Xerox copiers found to rewrite documents without OCR

August 7, 2013

While scanners and photocopiers may not get the brightness or contrast correct, as long as the scan/copy is clearly readable, it is considered identical to the original. When text is converted to an editable form through an OCR process, characters can end up being misidentified such as a '0' being read as an '8', an upper case 'I' coming out as a lowercase 'L' and so on, but can this happen if no OCR takes place?

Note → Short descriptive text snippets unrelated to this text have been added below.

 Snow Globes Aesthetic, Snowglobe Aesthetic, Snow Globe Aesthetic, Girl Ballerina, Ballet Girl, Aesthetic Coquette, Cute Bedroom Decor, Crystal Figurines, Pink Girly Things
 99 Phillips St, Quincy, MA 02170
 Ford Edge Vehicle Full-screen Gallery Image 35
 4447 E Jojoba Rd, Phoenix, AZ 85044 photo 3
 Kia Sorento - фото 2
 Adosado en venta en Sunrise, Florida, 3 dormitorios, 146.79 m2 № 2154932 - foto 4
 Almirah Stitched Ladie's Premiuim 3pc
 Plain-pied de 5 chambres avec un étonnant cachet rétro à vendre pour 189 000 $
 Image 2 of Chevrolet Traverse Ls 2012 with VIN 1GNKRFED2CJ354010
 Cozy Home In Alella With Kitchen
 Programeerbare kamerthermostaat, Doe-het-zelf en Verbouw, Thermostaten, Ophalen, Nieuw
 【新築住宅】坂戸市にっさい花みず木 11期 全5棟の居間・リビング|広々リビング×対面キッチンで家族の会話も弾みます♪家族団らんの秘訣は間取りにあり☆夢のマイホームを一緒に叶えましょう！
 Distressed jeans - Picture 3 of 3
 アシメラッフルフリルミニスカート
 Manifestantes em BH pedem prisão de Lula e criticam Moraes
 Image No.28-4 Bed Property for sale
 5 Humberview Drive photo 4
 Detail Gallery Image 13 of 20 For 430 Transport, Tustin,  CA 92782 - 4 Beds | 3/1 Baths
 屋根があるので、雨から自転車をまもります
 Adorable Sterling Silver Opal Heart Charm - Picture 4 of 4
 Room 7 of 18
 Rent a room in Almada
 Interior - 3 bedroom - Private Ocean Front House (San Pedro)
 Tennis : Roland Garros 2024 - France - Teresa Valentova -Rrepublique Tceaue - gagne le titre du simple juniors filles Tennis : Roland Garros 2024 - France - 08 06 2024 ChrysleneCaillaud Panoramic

To the surprise of a German computer scientist, David Kriesel, he noticed that after scanning and printing out a construction plan, several figures were clearly wrong in the print-out. The tell-tale sign was that a smaller room had larger dimensions printed for than a larger room on the same sheet. While the scanning resolution was low, there was no way that the errors could be caused by the low scanning resolution, as dimensions such as '21.11' came out as '14.13' and these figures were indisputably readable in the scan:

After scanning various documents while making sure OCR was disabled, he was able to replicate the issue on other documents including an invoice, such as where '65,40' came out as '85,40'. In this case, figure '8' was clearly formed, ruling out the likelihood of a pixel shift or dithering. Unsurprisingly, it made him question whether incorrect figures could lead to a company being made liable for legal action and of course whether the company could in turn hold the photocopying company liable.

Upon closely examining the scanned documents and getting user feedback, it turns out that the issue is caused by the copier's use of the JBIG2 compression algorithm. This compression uses a dictionary based compression, where it tries matching similar patches of pixels in its dictionary against scanned material to reduce the file size of the resulting scan. If a close match is found, it will substitute this patch. Unfortunately, with a low enough resolution, this technique can end up substituting patches that it determines to be similar, but which have very different yet readable digits.

David has since had a conference with Xerox and the problem is indeed the JBIG2 compression algorithm which the copier uses on its 'Normal' quality setting. To work around this problem, the user must use choose 'higher' or 'high' for the scan quality setting, as this results in the copier using a different compression algorithm. The problem affects the Xerox Workcentre 7535 and 7556 and potentially other models also.